Let's bring in "Entertainment Tonight" host Nischelle Turner.

Nischelle, always great to see you this.


CAMEROTA: This "New York Times" documentary really opened a lot of our eyes to what she's been living through for years. She can't control who she dates. She can't control the color of her kitchen cabinets.

I mean, much less that they have turned her into, it sounds like, a circus act, where she goes out and performs and doesn't get to manage or keep her own money. So, I mean, this is just -- it's a shocking state.

TURNER: Yes, well, there's a lot to unpack there, Alisyn.

And this has been going on for 13 years, when you do the math. She got her autonomy stripped from her back in 2008. And if you remember back to those times, Britney was publicly going through what seemed to be a mental health crisis at that time. So, they had someone step in to help her. That, again, was 13 years ago.

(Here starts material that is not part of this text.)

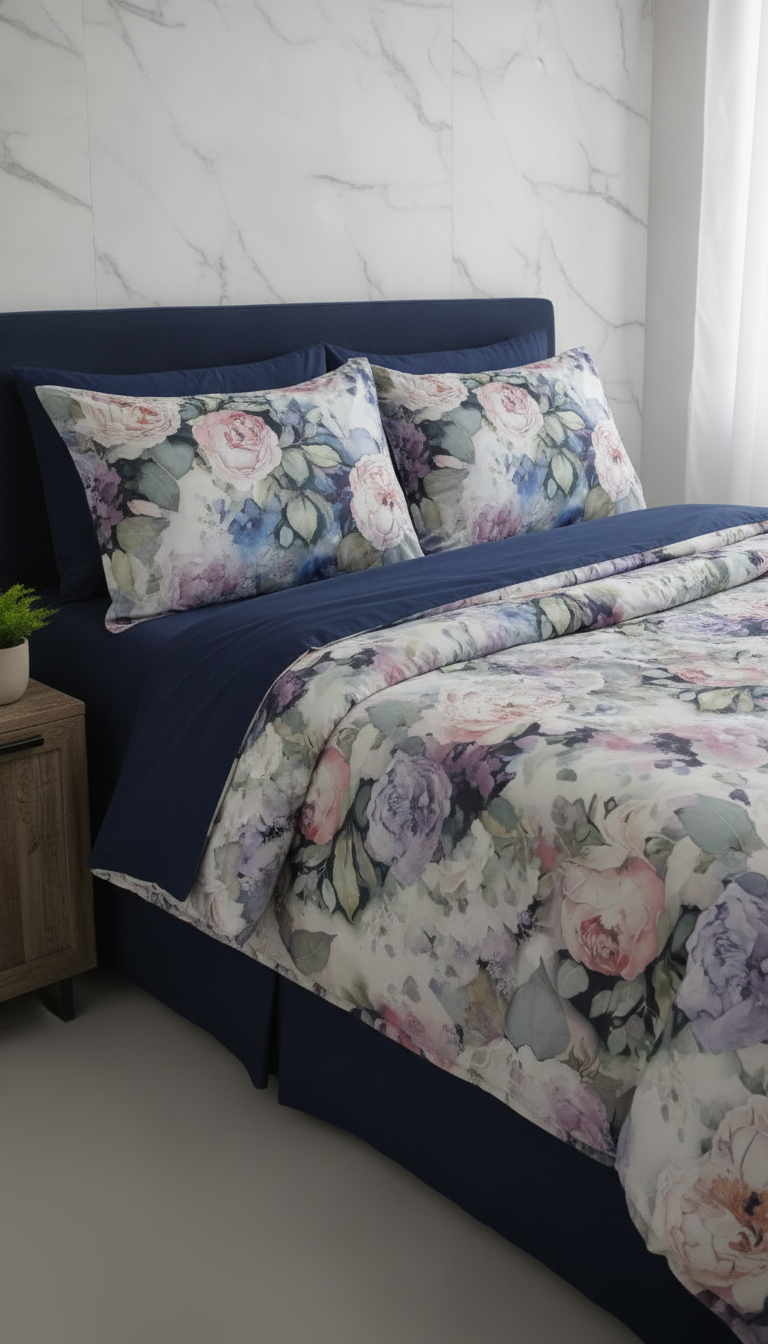 Lenjerie de Pat Premium cu Imprimeu Floral de Bujori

Now, what we have seen and what we know now, especially according to these documents that we saw in this -- in the article yesterday, was that she has been pushing for several years to get her autonomy back, to get it back under her control, because, like you said, she can't really make any decisions.

That's how conservatorship works, down to her kitchen cabinet colors, who she sees, who she hangs out with, who are her friends, what money she spends. And to your point as well, Britney has actually done a lot in those 13 years that she's been under this conservatorship.

She's released four albums. Two of them have gone platinum.